▶ Task to carry out:
One exact copy of the listing, minus the images, is the required answer.

▶ Recorded data:
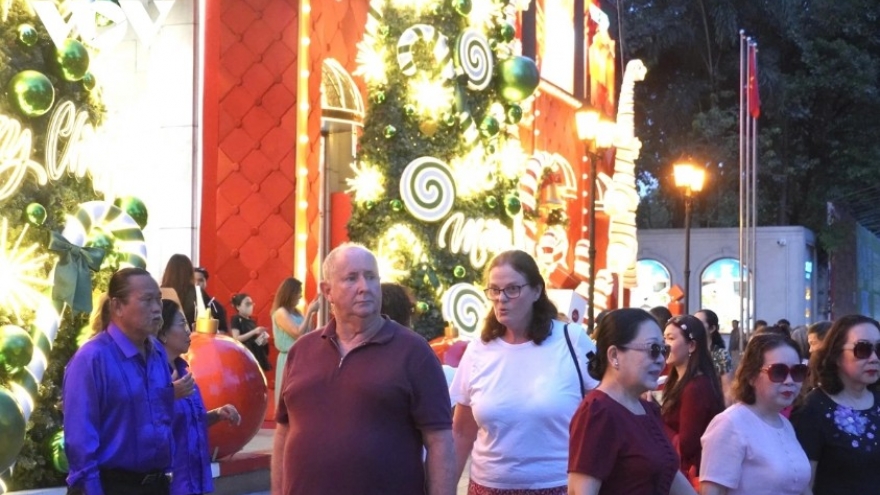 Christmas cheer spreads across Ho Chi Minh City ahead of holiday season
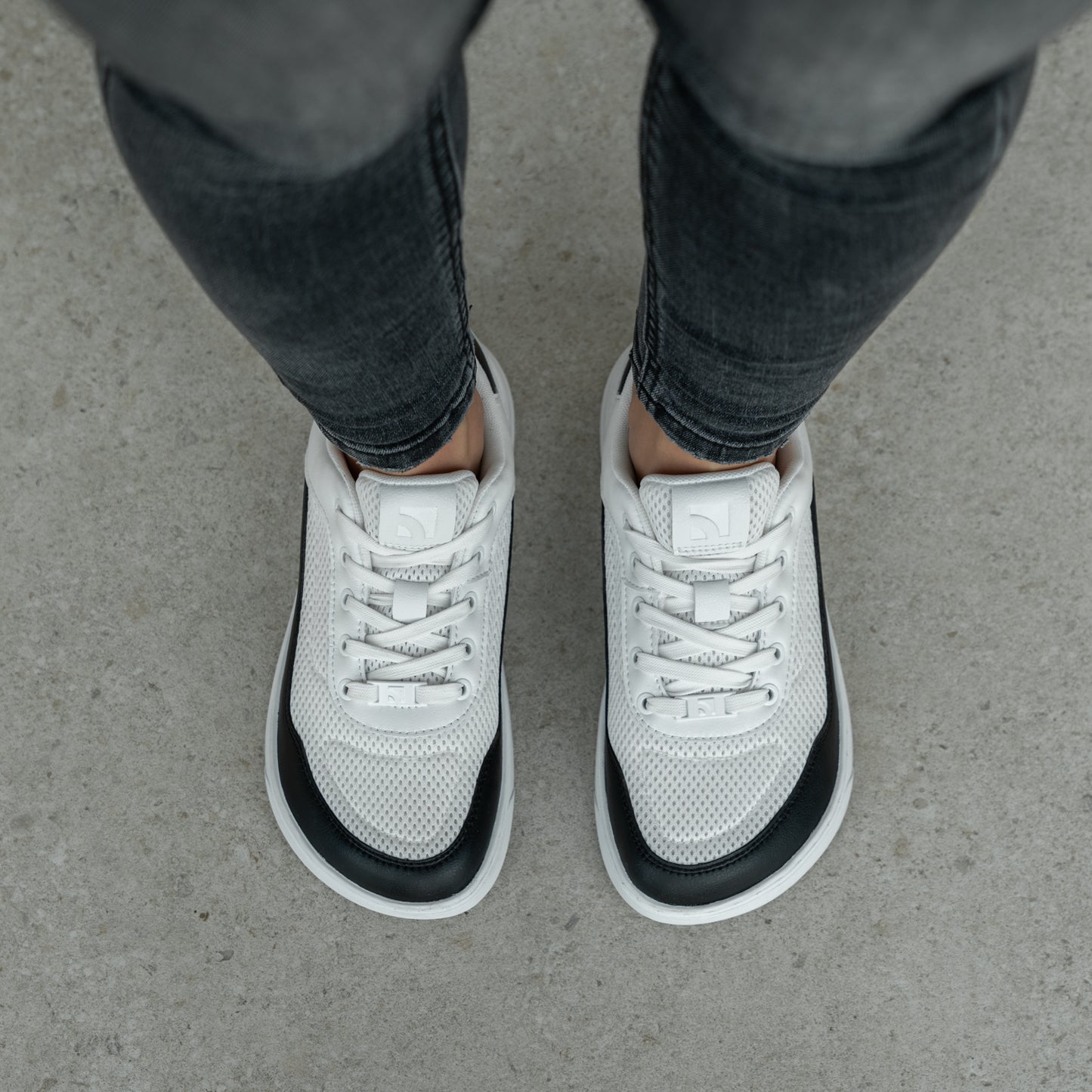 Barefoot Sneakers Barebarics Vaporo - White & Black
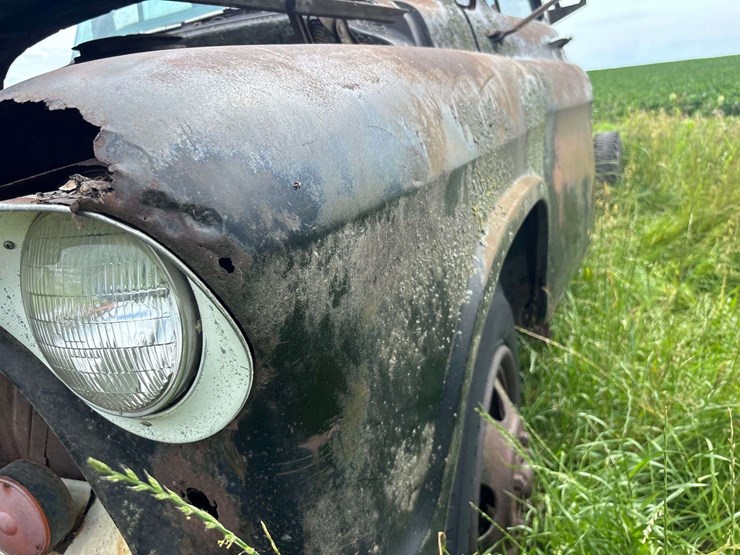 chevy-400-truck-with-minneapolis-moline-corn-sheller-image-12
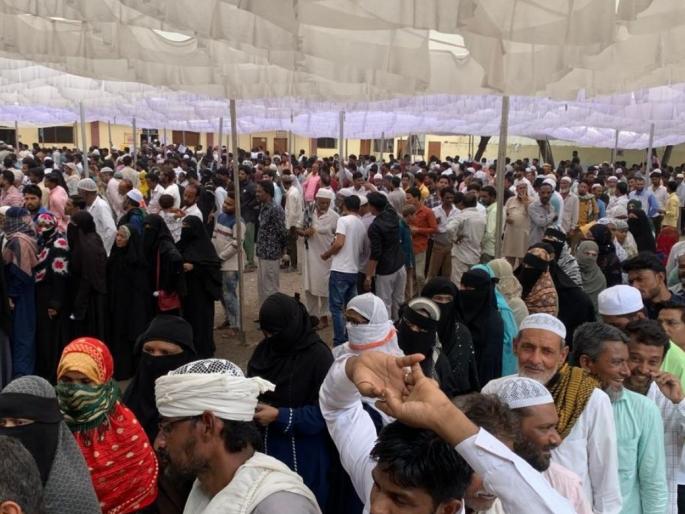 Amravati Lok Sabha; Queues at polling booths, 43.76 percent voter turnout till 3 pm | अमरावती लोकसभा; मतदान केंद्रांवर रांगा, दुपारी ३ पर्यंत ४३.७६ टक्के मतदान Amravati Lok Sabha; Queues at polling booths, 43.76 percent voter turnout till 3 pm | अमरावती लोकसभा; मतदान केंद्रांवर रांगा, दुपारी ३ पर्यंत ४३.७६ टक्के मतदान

▶ Result of this task:
 Christmas cheer spreads across Ho Chi Minh City ahead of holiday season
 Barefoot Sneakers Barebarics Vaporo - White & Black
 chevy-400-truck-with-minneapolis-moline-corn-sheller-image-12
 Amravati Lok Sabha; Queues at polling booths, 43.76 percent voter turnout till 3 pm | अमरावती लोकसभा; मतदान केंद्रांवर रांगा, दुपारी ३ पर्यंत ४३.७६ टक्के मतदान Amravati Lok Sabha; Queues at polling booths, 43.76 percent voter turnout till 3 pm | अमरावती लोकसभा; मतदान केंद्रांवर रांगा, दुपारी ३ पर्यंत ४३.७६ टक्के मतदान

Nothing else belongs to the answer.